It’s replayed rather than sample, the video played Hooky’s bass line over the film footage essentially
Manchester in the 80's. I was there, right there. It was fun. Nobody really knew how big it would all become but we all knew it was special.
me too.
Aye.
True Faith is the most perfect New Order song in existence. It somehow is uplifting and at the same time pulls on the heart strings. But at surface level it’s just a pop song.

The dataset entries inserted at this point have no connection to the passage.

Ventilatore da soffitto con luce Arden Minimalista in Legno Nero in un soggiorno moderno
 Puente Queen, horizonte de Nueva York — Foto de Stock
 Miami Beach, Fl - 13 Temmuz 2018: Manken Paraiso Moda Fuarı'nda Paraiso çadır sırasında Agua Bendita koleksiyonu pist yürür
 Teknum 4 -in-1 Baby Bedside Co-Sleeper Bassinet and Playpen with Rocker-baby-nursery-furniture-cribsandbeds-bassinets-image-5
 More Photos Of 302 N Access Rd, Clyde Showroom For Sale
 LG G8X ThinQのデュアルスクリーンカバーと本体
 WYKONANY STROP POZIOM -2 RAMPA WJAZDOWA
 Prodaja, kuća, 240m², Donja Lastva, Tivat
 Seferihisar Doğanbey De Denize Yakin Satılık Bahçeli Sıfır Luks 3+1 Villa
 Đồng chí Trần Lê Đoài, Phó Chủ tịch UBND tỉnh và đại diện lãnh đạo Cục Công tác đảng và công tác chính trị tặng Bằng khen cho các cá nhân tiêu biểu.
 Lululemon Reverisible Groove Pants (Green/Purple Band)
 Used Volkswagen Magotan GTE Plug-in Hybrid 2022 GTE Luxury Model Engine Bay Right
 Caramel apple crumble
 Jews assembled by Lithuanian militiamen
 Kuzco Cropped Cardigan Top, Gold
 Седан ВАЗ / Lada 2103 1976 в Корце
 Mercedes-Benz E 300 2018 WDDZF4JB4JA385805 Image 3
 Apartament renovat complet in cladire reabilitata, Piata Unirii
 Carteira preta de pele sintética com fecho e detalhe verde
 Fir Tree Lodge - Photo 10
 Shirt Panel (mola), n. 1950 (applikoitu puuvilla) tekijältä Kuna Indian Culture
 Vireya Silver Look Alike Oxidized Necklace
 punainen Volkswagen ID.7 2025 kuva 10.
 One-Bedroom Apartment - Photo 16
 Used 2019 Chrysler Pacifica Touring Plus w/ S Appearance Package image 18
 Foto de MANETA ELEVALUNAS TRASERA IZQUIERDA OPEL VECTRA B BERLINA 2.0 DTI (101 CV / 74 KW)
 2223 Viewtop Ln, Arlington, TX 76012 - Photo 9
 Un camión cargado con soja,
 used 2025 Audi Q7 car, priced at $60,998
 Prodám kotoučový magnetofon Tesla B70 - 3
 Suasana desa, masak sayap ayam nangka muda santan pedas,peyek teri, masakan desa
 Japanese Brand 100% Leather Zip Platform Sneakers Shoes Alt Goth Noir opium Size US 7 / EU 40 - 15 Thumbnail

cant say I'm a fan of New Order but that was pretty interesting stuff
A truly genre busting group who I think gave punk an intellectual edge. We need an autobiographical vlog (and your health secrets) because you look far too young to know about the eighties the way you do and I came of age in the eighties, hearing these the first time around.😆
24 hour party people is a great film and very funny but if u want to know more about factory records and the night club hasiender it's well worth a watch
I paid for a ticket to see Joy Division at Reading Uni way back. I think I probably paid about £2 but certainly not much more than that. Due to un-forseen events though, I got to see New Order....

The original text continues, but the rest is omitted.